Societal Cost: Diagnosed Lyme Could be Nearly $1 Billion Annually!

CDC: Emerging Infectious Disease

In a recent publication of Emerging infectious Diseases, researchers analyzed reported Lyme disease cases in endemic states to assess the total patient and societal cost.   

The study by Hook SA, Jeon S, Niesobecki SA, et al (Economic Burden of Reported Lyme Disease in High-Incidence Areas, United States, 2014–2016) analyzed reported Lyme disease cases in endemic states to assess the total patient and societal cost.   Approximately 476,000 Lyme disease cases are diagnosed in the United States annually, yet research into the economic impact on society is hardly considered.  

“To estimate the patient cost, we summed self-reported patient medical costs, nonmedical costs, and cost of productivity losses over all surveys per participant. To calculate the societal medical costs, we summed the mean cost per CPT code collected for each participant. Finally, we calculated the societal cost by summing the societal medical costs, patient nonmedical costs, and cost of productivity losses per participant.”

Throughout the enrollment period, 1,360 patients were contacted that were confirmed or probable Lyme disease cases.  1,118 (82%) patients consented to patient cost surveys; 901 (81%) completed survey data in the patient cost analysis; 613 (68%) completed societal medical cost data.

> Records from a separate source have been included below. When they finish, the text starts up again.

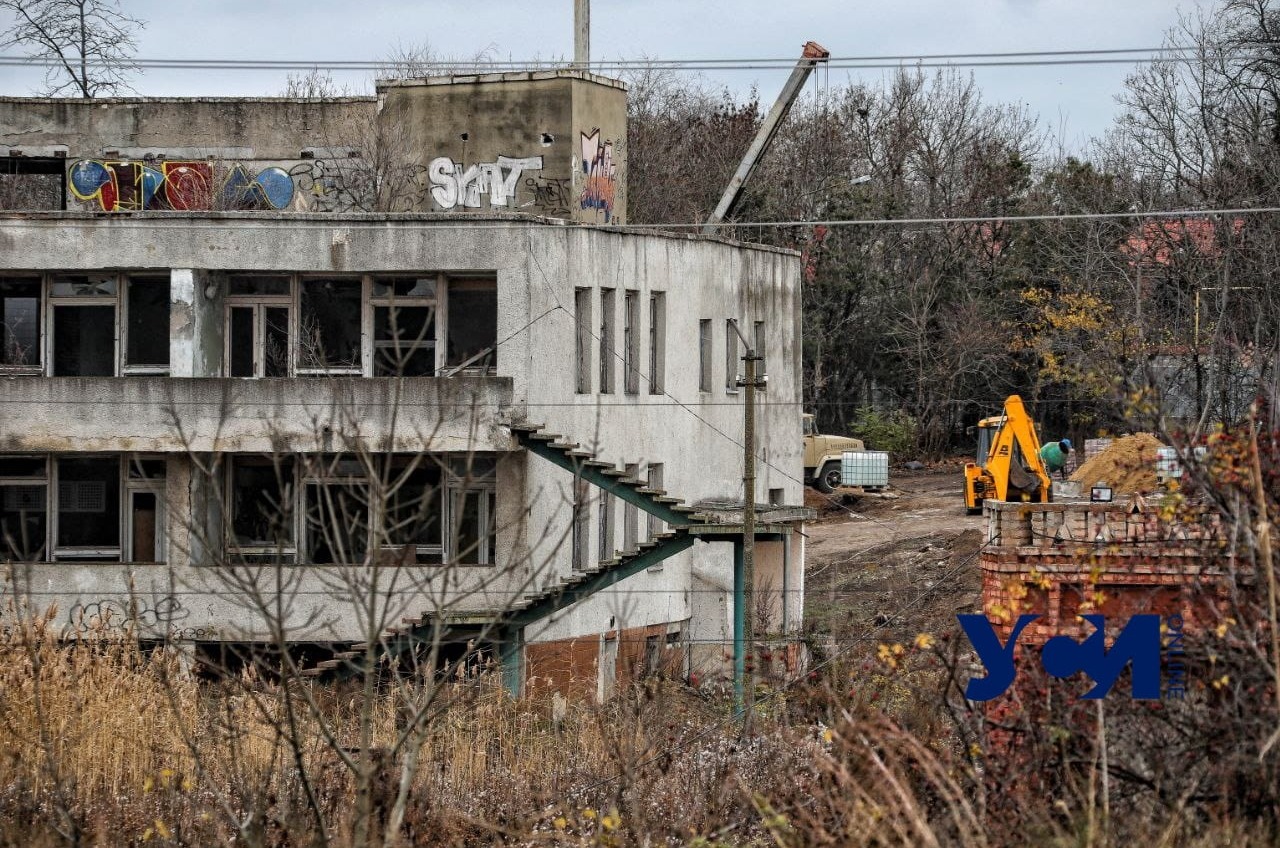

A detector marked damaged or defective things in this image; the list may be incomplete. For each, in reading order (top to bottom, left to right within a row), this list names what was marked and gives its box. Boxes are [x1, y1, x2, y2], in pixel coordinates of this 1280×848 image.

broken window [0, 279, 41, 371]
broken window [49, 275, 117, 376]
broken window [124, 277, 171, 374]
broken window [229, 275, 293, 379]
broken window [298, 279, 360, 371]
broken window [371, 277, 435, 376]
broken window [445, 280, 494, 374]
broken window [0, 458, 48, 563]
broken window [54, 456, 120, 561]
broken window [226, 456, 295, 561]
broken window [445, 456, 494, 568]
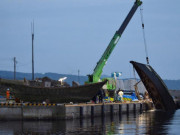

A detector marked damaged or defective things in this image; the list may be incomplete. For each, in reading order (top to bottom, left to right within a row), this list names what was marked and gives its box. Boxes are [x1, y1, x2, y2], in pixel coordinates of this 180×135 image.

rusty metal surface [130, 60, 176, 111]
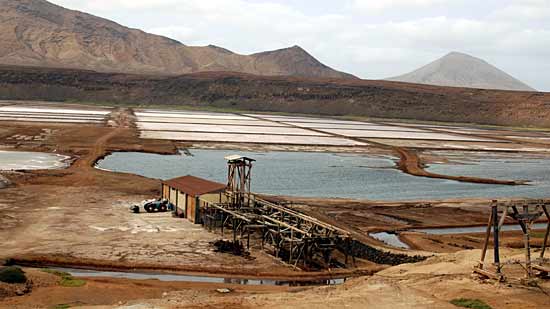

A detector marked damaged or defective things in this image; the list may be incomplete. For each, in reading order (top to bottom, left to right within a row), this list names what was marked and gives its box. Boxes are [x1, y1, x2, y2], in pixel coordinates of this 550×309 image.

rusty machinery [474, 199, 550, 280]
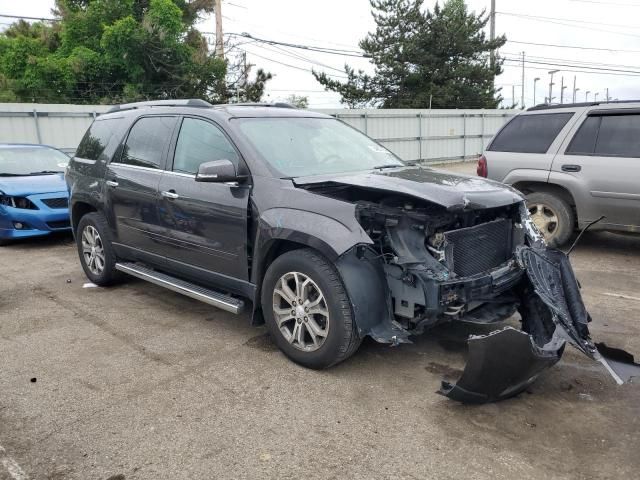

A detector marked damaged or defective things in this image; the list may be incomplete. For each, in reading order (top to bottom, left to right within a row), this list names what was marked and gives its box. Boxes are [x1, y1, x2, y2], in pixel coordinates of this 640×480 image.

crumpled hood [0, 173, 67, 196]
damaged black suv [65, 98, 636, 402]
crumpled hood [296, 166, 524, 209]
crushed front end [332, 193, 636, 404]
detached bumper [440, 246, 640, 404]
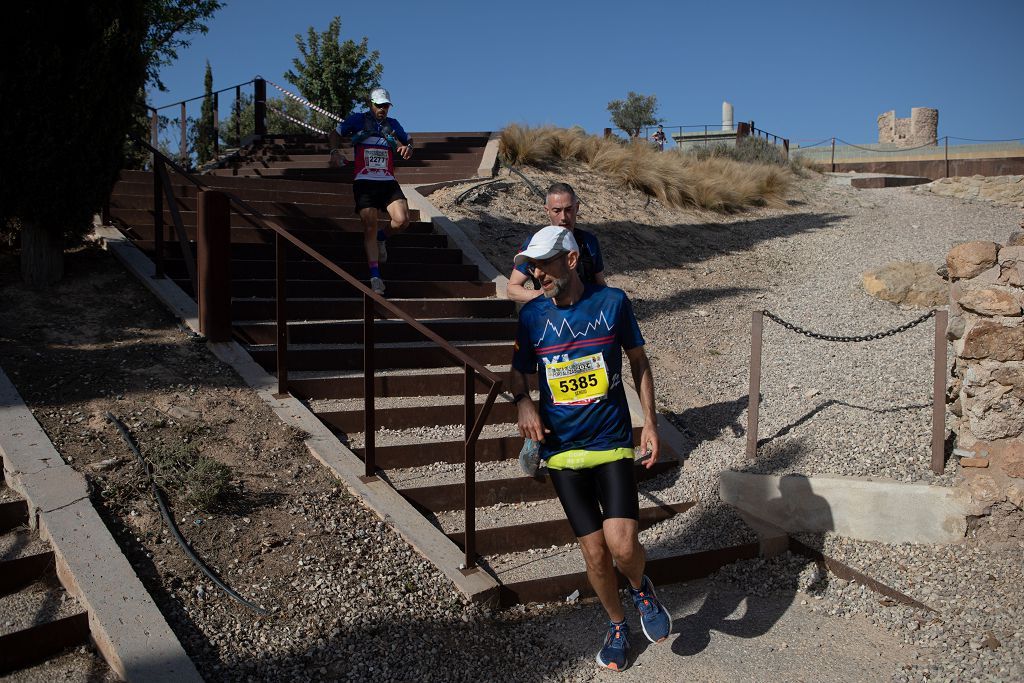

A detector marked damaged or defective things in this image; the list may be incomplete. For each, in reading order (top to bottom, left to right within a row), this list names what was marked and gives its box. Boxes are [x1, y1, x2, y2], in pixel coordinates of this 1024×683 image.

rusty handrail [134, 138, 502, 568]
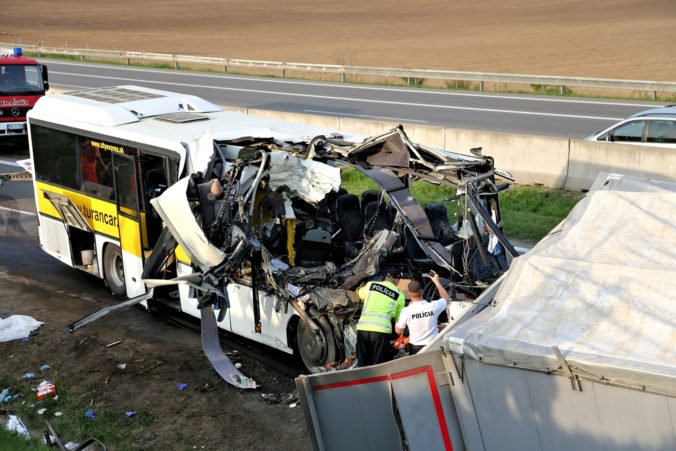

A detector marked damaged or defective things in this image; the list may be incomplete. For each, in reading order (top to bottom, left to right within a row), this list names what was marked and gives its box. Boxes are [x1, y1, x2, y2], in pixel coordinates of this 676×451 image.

wrecked bus [25, 85, 512, 378]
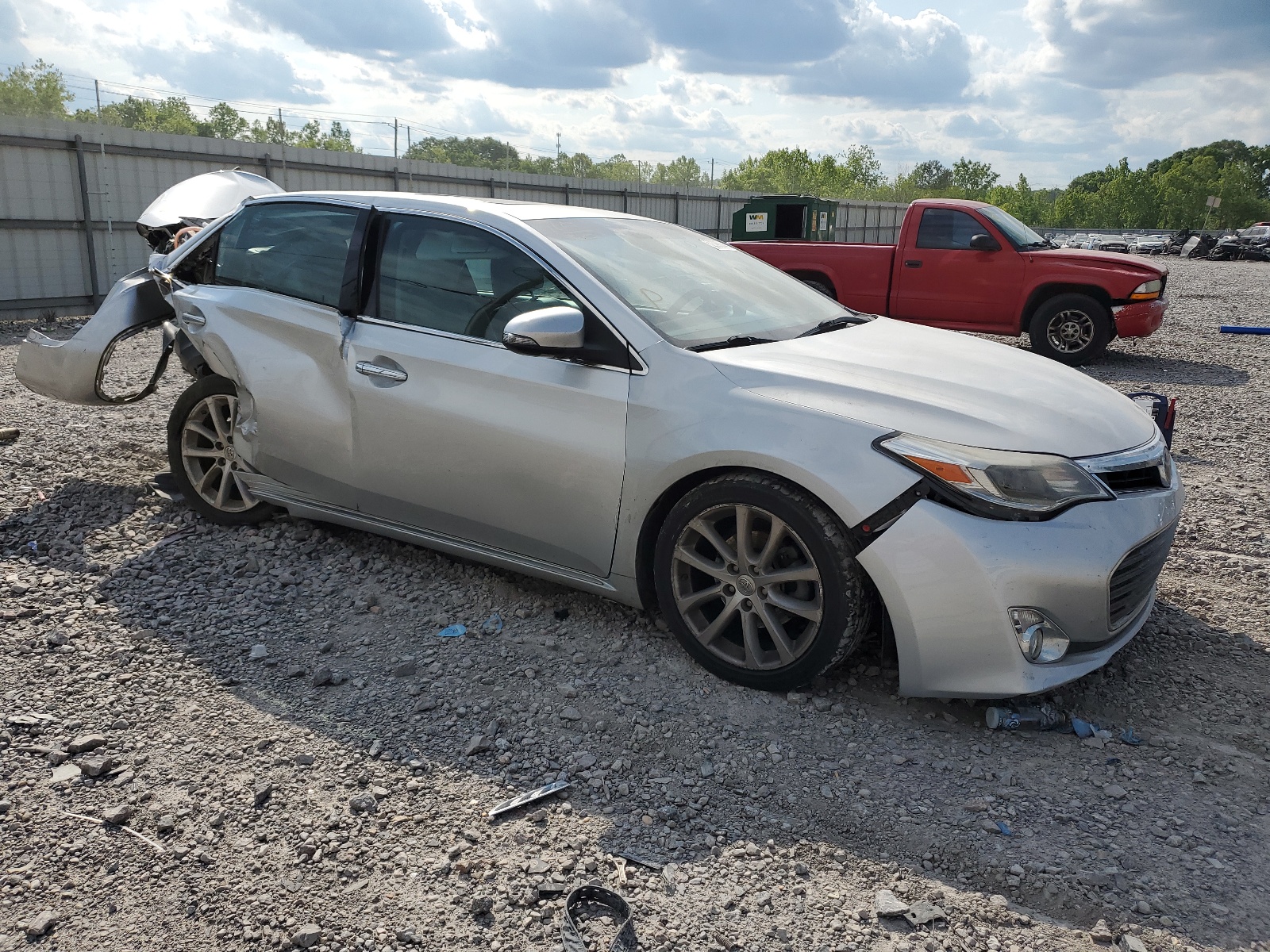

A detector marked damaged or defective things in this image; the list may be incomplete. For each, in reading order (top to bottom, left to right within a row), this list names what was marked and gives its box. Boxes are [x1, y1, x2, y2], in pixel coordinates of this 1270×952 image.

crumpled rear bumper [14, 268, 174, 405]
damaged driver door [168, 201, 367, 511]
crumpled rear bumper [1118, 301, 1168, 343]
broken headlight [876, 435, 1105, 517]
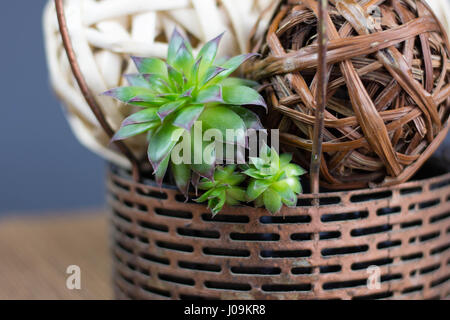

Findings showed a mean patient cost of ~ $1,200 (median $240) and a mean societal cost of ~ $2,000 (median $700).   The annual aggregate cost of diagnosed Lyme disease could be $345-968 million.   The low median amount suggests Lyme disease is manageable for most patients, but highly expensive for a few.

Patients with confirmed disseminated disease or probable disease had approximately double the societal cost of those with confirmed localized disease.   The study results did NOT include suspected, undiagnosed, or non-acute cases and thus actual cost is likely much higher.

These findings highlight a huge economic burden to individual patients and US society and highlight the need for effective prevention, early diagnosis, and more accurate testing to reduce illness and associated costs.